A key question arising from the Taliban’s return to power in Afghanistan is their relationship with their long-time ally, al-Qaeda.
Al-Qaeda is bound to the Taliban by a pledge of allegiance – or “bay’ah” – which was first offered in the 1990s by Osama Bin Laden to his Taliban counterpart Mullah Omar.
The pledge has been renewed several times since, although it has not always been publicly acknowledged by the Taliban.
Under the 2020 peace deal with the US, the Taliban agreed not to allow al-Qaeda or any other extremist group to operate in areas under their control. They reiterated this vow days after the takeover of Kabul on 15 August.
But they do not appear to have publicly rejected al-Qaeda either.
And al-Qaeda has certainly not softened its rhetoric towards the US.
Significance of the pledge
The Arabic word bay’ah is a term meaning a pledge of loyalty to a Muslim leader and is the foundation of fealty between many jihadist groups and their affiliates.
It entails obligations for both parties, including obedience by the one offering bay’ah to a leader.
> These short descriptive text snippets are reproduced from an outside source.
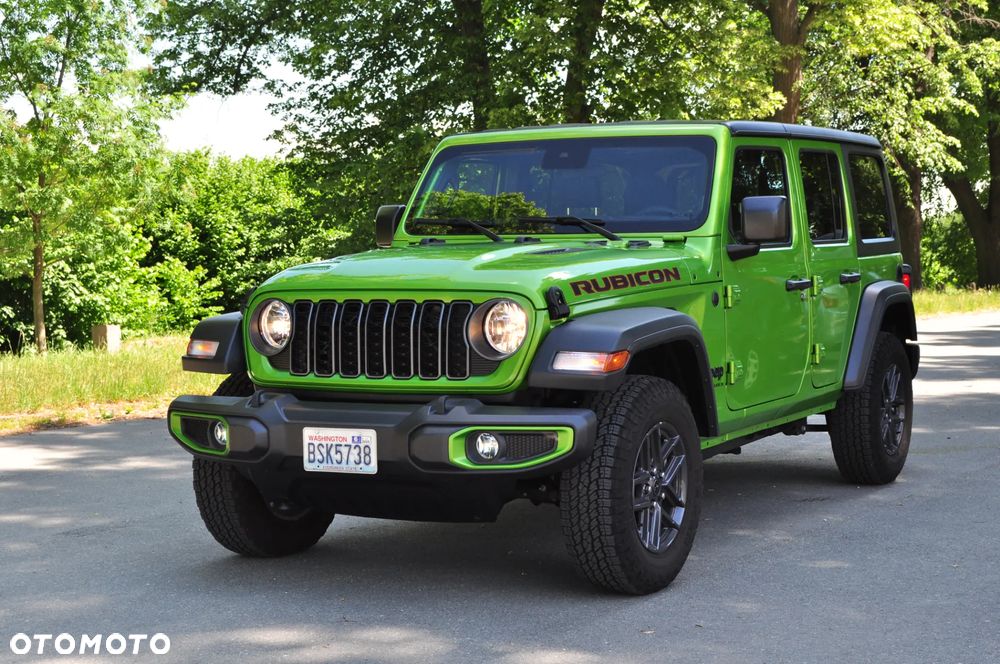 Jeep Wrangler - 1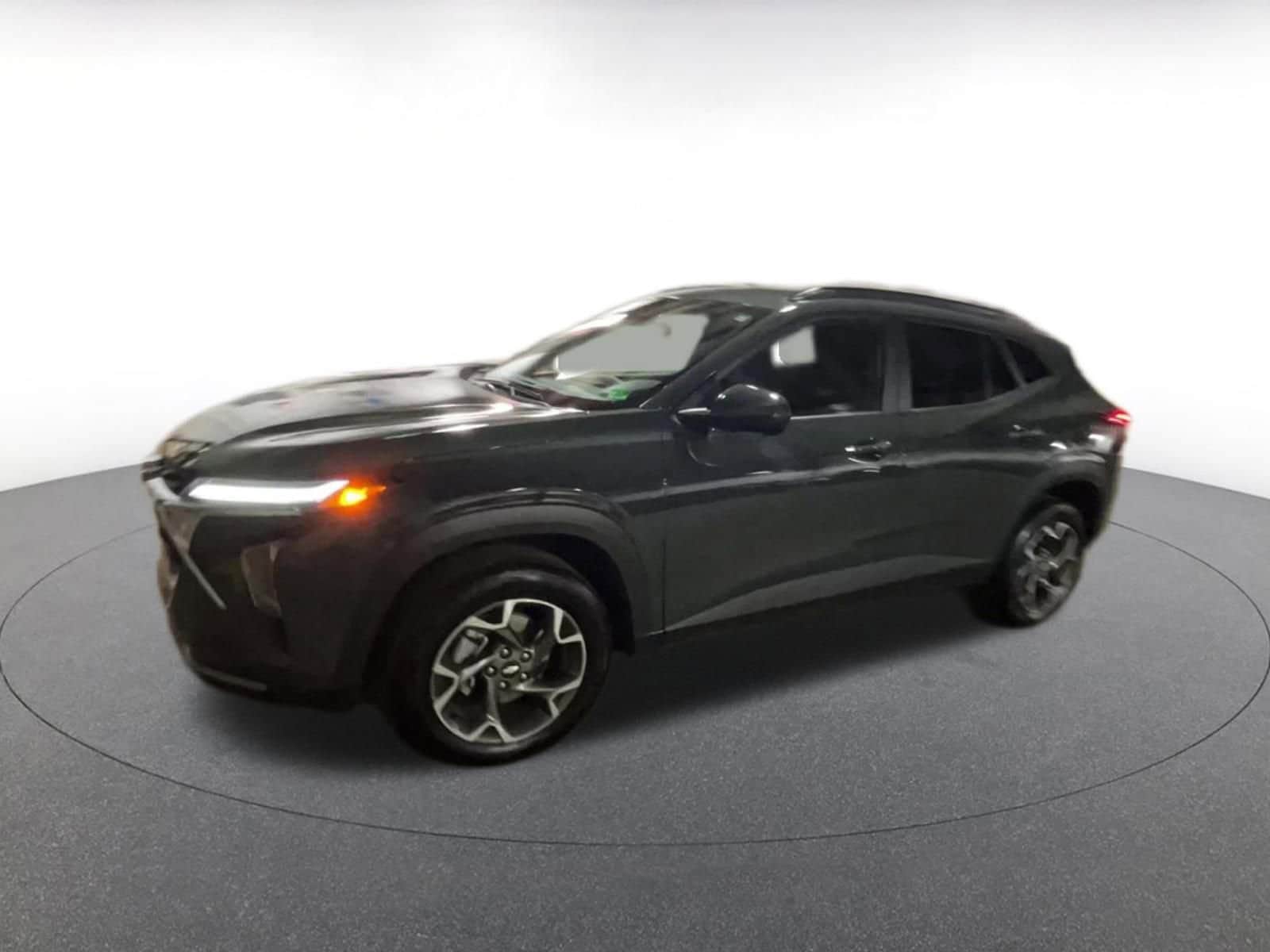 Thumbnail: 2025 Chevrolet Trax - 8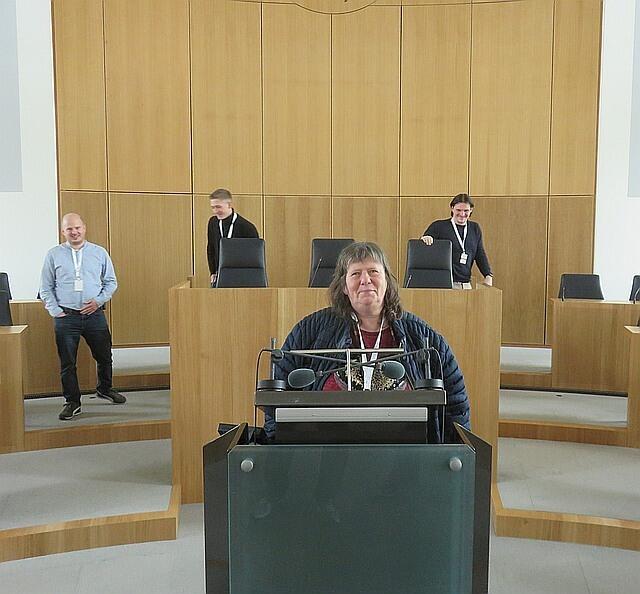 Das bin ich, am Rednerpult des Landtages in Rheinland - Pfalz in Mainz. Es war ein tolles Gefuhl, da stehen zu dürfen. | Foto: Maiken Liefeith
Reneging on the pledge is considered a serious offence in Islam.
In al-Qaeda’s case, it effectively subordinates it to the Taliban, by bestowing the honorific title of “commander of the faithful” upon the Taliban leader and his successors.
t was probably a factor in Mullah Omar’s refusal to hand Bin Laden over to the Americans after the 9/11 attacks, leading to the US-led invasion in 2001.
One famous example of the flouting of bay’ah came when al-Qaeda’s affiliate in Iraq refused to adhere to its pledge to central command, leading it to break away and later re-emerge as the Islamic State group (IS).
IS and al-Qaeda remain fierce rivals.